A week after Raptor Red lured the female acro to her death in the surf, three more family groups of acros showed up on the beach. It was too much for Raptor Red and her sister to deal with. Winds from the north were free of acro scent, so the raptor pack went north.
And up. The Utahraptor family’s flight leads them to higher and higher elevations, far higher than Raptor Red has ever been.
After a long day of zigzagging up a mountain valley, Raptor Red’s sister nuzzles her. It surprises Raptor Red. Her sister is not the huggy type.
Her sister’s mind is usually a muddle of conflicting rages that she can barely control. She fears and hates the smell of other raptors. She’s driven to apoplectic anger when she senses acrocanthosaurs nearby. And she flails her arms in frustration when the physical elements go against her - when it’s too windy or too rainy or too hot.
One central purpose holds her thoughts together: protect her chicks, protect her family, protect her sister.
Now penetrating through her paranoid and frequently frantic intellectual fog is the realization that Raptor Red is sad. And Raptor Red’s sister has finally figured out that this sadness began when the young male left.
To Raptor Red’s sister, the young male was a dangerous annoyance. She hated him from day one. She wanted to get rid of him. She never could figure out why Raptor Red protected him.
She still doesn’t understand. But she wants to make Raptor Red feel better, so she nuzzles and gurgles awkwardly. She’s trying hard, but her instinctive skills of comforting a sibling are poorly developed.
Raptor Red turns away. She still blames her sister for depriving her of her young mate.
Her sister follows, making exaggerated submissive movements with head very low. She’s not very good at it. She’s had little practice in submission rituals.
Her clumsiness eventually causes her to run her snout directly into a fallen log.
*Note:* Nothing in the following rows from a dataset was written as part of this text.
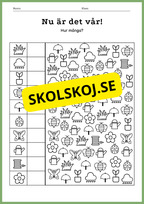 Nu är det vår - Blandade uppgifter
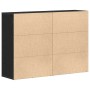 Tableros Lateral con cajón 2 pcs Roble negro 60 x 31 x 84 cm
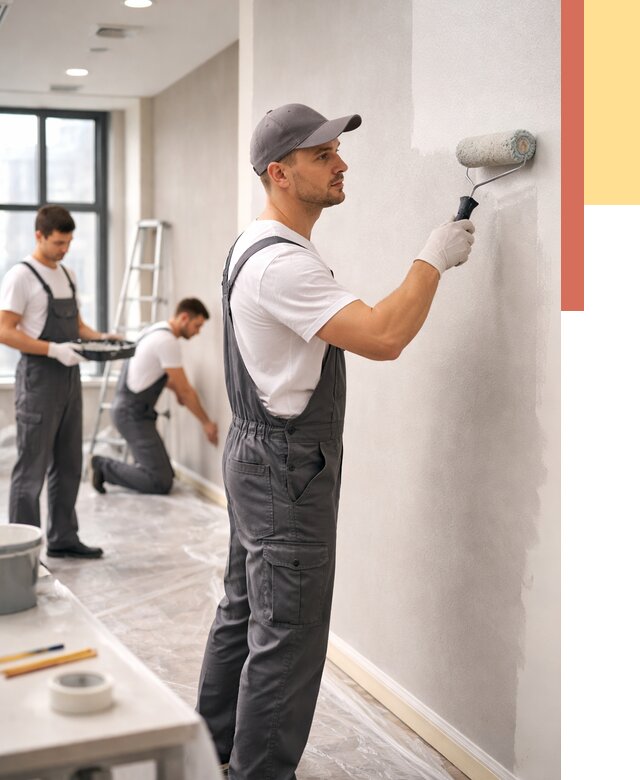 Покраска стен в офисе в Петрозаводске от 8628 руб. — быстро и недорого | ОТДЕЛОЧНИК-Птр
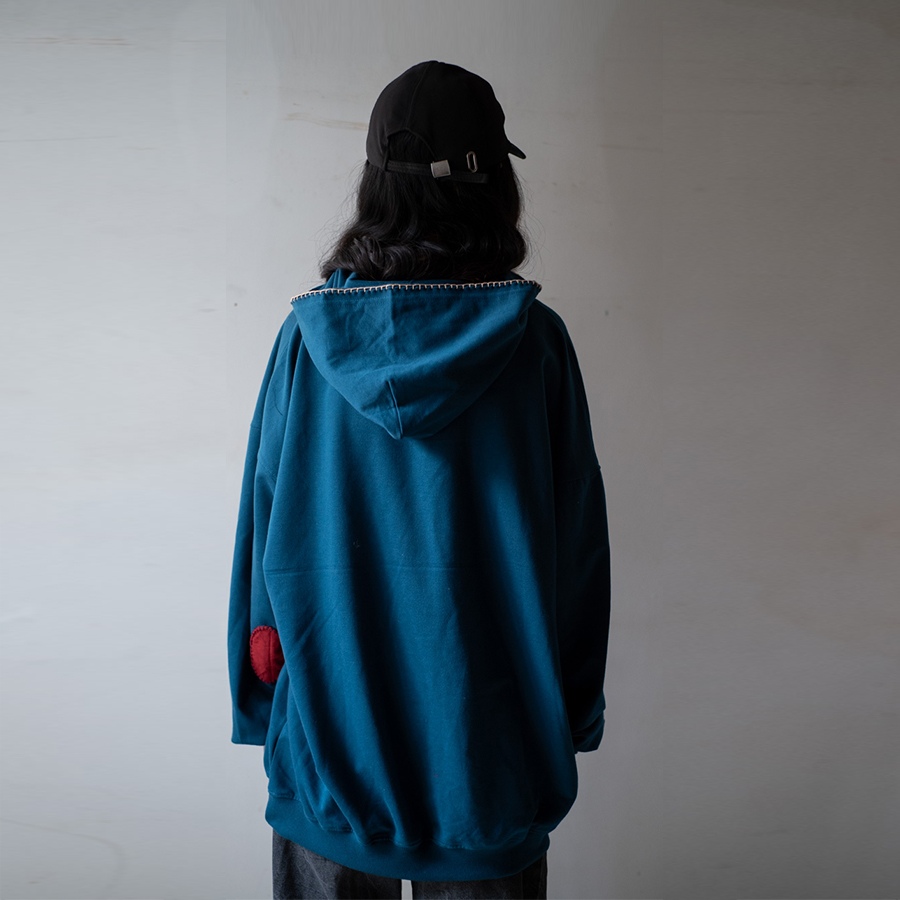 buy Handcrafted Embroidered Hoodie - Cat design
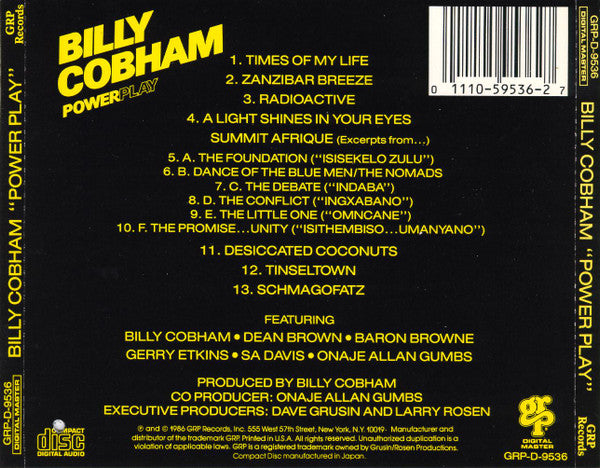 Billy Cobham : Powerplay (CD, Album)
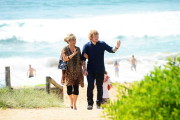 Home and Away - Marilyn (EMILY SYMONS) shows ED SHEERAN around Summer Bay Episode 6274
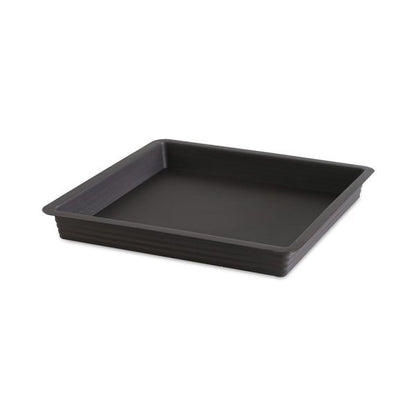 Felton FBL2507 Square Flower Pot Saucer, 30 × 30 × 3.2 cm, Dark Brown Saucer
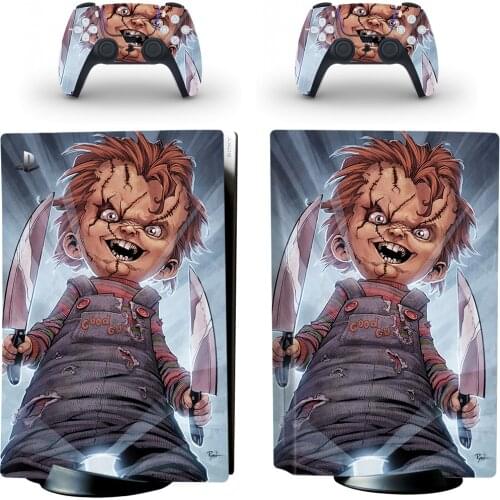 Chucky PS5 Disc Skin Sticker for Playstation 5 Console & 2 Controllers Decal Vinyl Protective Disk Skins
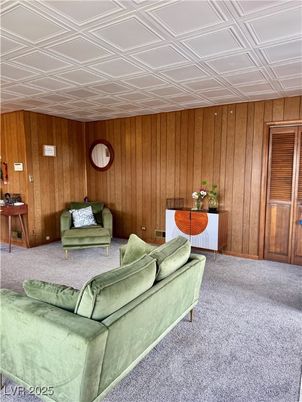 Interior, Living room, Wooden Walls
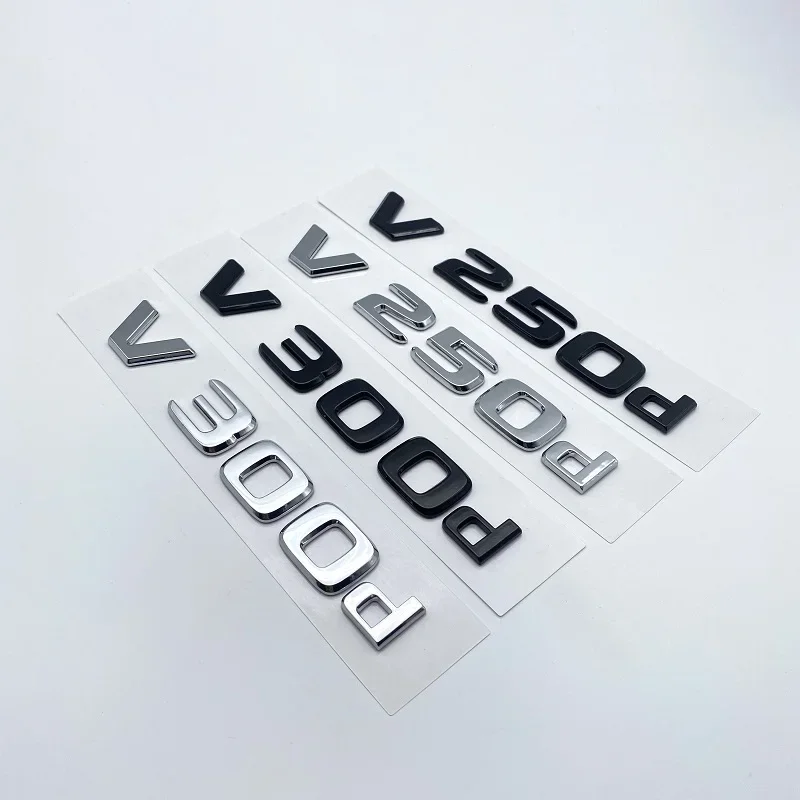 3D Letters V250d V300d NIGHT EDITION ABS Emblem for Mercedes Benz V Class W447 Car Fender Badge Trunk Nameplate Logo Sticker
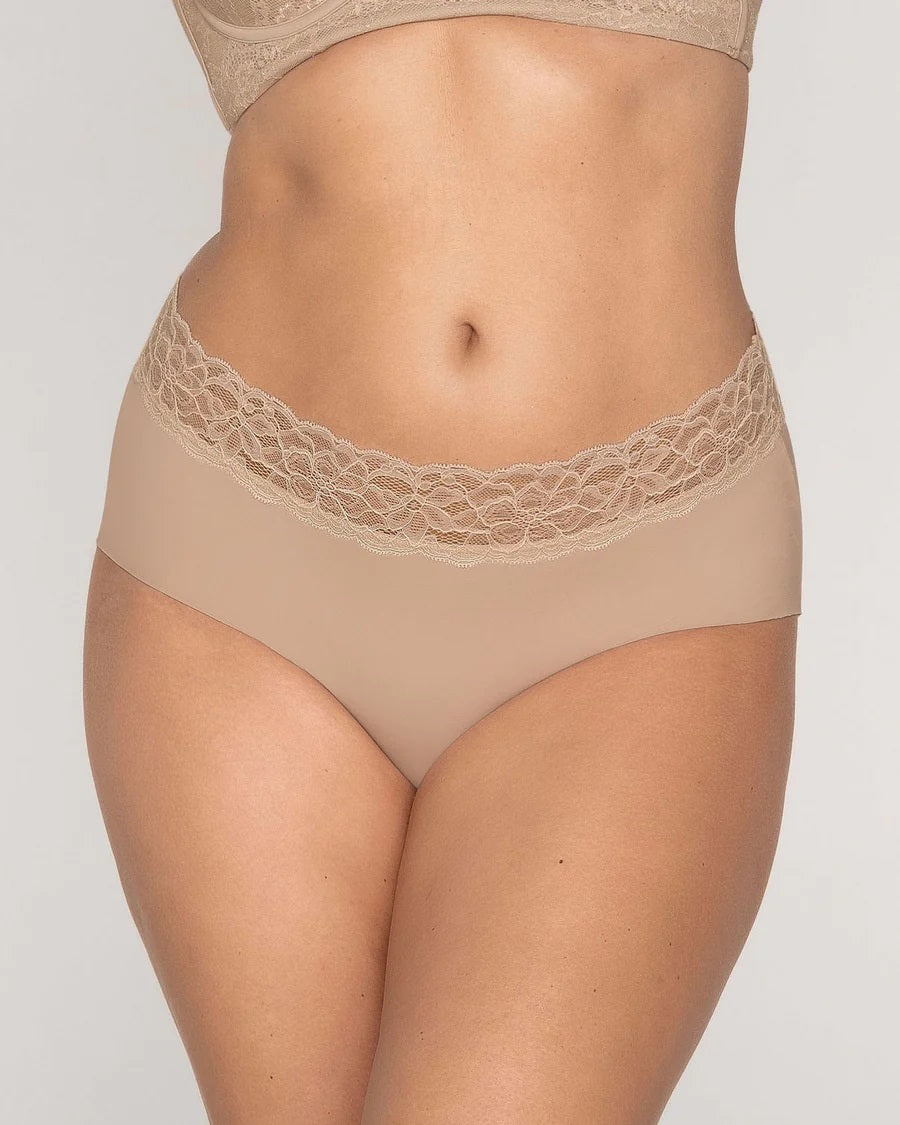 Leonisa® 12960 Ultra Light Lace Trim Hipster Panty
She trips, tries to regain her balance by digging her left forepaw into the ground, tumbles over herself, and lands on her back with a sour look on her face.
If evolution had given Raptor Red a full set of lip muscles, she’d smile.
She moves over to her sister and gracefully caresses her neck and shoulders.
Raptor Red lets her sister make all the decisions now. She’s the pack leader. And the pack continues to go up, climbing the seaward side of a mountain range clothed in heavy forests of tree ferns and tall conifer trees. The air becomes clearer, fresher, and much colder, especially at night.
Raptor Red pauses to stick her snout high in the breeze. Yes indeed, there are no acrocanthosaurs here. She sniffs again and sighs. There are no Utahraptor males either.
The pack feasts on a dead iguanodon they find covered by fallen leaves. Raptor Red winces when she cuts the meat with her teeth. The iguanodon’s flesh feels hard and cold against her gums. She tastes ice crystals in the connective tissue.
Raptor Red’s sister looks up at the sky. Her keen eyes follow something small and light falling in irregular spirals. Maybe a bug.